Let’s twist again avec Dick Annegarn

DICK ANNEGARN_003©LoLL WILLEMS

« Bruxelles », Mireille », « Nicotine Queen », « Sacré géranium »… En plus de 40 ans de carrière, Dick Annegarn n’a cessé de nous enchanter avec ses mélodies joliment troussées qui enrobent de miel des paroles qui nous trottent dans la tête. Beaucoup l’ignorent mais ce Néerlandais francophile, sorte de baladin sans frontières, mérite une place de choix dans la cour des grands. Bonne nouvelle : celui qui se considère comme un « militant poétique » sera présent dimanche (30 avril) au Familistère de Guise pour le concert du bicentenaire. Rencontre…

« Twist » : c’est le titre de votre tout nouvel album. Un titre qui cadre mal avec l’idée qu’on se fait de votre musique…
Dick Annegarn : « A l’origine, « Twist » était   le nom de code du disque pendant qu’on l’enregistrait. Et puis, finalement, on l’a gardé ! Ça m’évoque le slam de « Let’s twist again » de Chuck Berry. De la poésie brève et directe, qui va à l’essentiel. Musicalement en revanche, cet album est très loin du twist à la yé-yé ! Je navigue plutôt dans un univers à la fois blues et folk avec, en toile de fond, une poésie qui se veut légère… »

Il paraît que vous avez enregistré cet album en une semaine seulement…
Dick Annegarn : « Vous savez, mon premier album, je l’ai enregistré en trois jours et trois nuits ! C’était en 1974 à Bruxelles. Je squattais le studio de Moustaki pendant qu’il ne l’utilisait pas. De manière générale, j’aime pas trop les studios. M’enfermer là-dedans n’a rien d’un plaisir. Donc, autant faire rapide ! »
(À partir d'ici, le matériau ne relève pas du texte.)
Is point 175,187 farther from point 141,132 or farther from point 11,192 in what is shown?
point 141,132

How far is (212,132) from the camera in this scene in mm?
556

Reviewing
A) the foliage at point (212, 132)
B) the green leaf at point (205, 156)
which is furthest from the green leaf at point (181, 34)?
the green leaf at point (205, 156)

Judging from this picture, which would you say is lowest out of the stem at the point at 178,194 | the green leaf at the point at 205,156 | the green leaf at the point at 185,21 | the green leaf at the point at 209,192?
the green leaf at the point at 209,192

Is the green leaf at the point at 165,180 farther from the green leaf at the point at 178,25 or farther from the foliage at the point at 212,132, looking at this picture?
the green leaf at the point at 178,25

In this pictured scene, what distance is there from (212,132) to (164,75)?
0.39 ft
Sur cet album, on vous découvre en duo avec Raphaël dans « On est deux ». Pourquoi ce choix ?
Dick Annegarn : « Avec Raphaël, on se connaît bien. J’ai déjà écrit des titres pour lui. On partage la même culture pop et blues. Et puis, j’aime son côté bosseur et modeste. Quand on travaille ensemble, on est un peu comme des laborantins qui essaient de varier les plaisirs. « On est deux », c’est une chanson sur la fraternité, sur l’amitié en temps de crise avec une référence aux attentats. Mais tout ça n’a rien de nouveau. Je suis né en 1952 et des attentats, j’en ai connus toute ma vie… C’est dire que « On est deux » est une chanson intemporelle. »
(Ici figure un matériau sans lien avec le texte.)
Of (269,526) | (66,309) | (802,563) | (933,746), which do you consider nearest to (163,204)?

Dick Annegarn, ça donne quoi sur scène ?
Dick Annegarn : « Ça donne un vrai spectacle. Sans être un showman à la Philippe Katherine, je ne fais pas non plus un concert à la Brassens avec un tabouret et un pied de micro ! (rires) Nous sommes quatre musiciens avec une vraie scénographie qui n’a rien à voir avec le vintage ou la nostalgie. »
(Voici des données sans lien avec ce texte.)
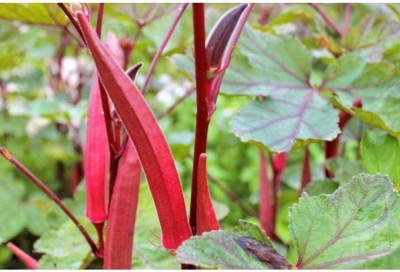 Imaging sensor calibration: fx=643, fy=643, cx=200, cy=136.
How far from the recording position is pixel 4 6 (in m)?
0.85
Enfant, c’est ma tante Solange qui m’a fait découvrir votre musique. Et dans tout votre répertoire, il y a un morceau que j’aime particulièrement : « Coutances ». Parlez-moi de cette chanson…
Dick Annegarn : « Ah, Coutances… Ça fait partie de ces villes un peu désuètes mais pleines de poésie. Dans cette chanson, je raconte un jour de relâche entre deux concerts. Un dimanche matin de février, un peu trop froid, un peu trop vide. Je me souviens que les pommiers n’étaient pas encore en fleurs… Cette chanson respire le blues. »

Et vous, si vous ne deviez retenir qu’une seule de vos chansons ?
Dick Annegarn : « Sans hésiter, je dirais « Au marché des mendiants », qui figure sur mon dernier album et qui parle des nouveaux écosystèmes mais aussi de la précarité. Une situation à laquelle on est tous exposés, non ? »  B. Duchet
Dick Annegarn en concert : dimanche 30 avril à 19 h 55 sur la place du Familistère de Guise. Gratuit.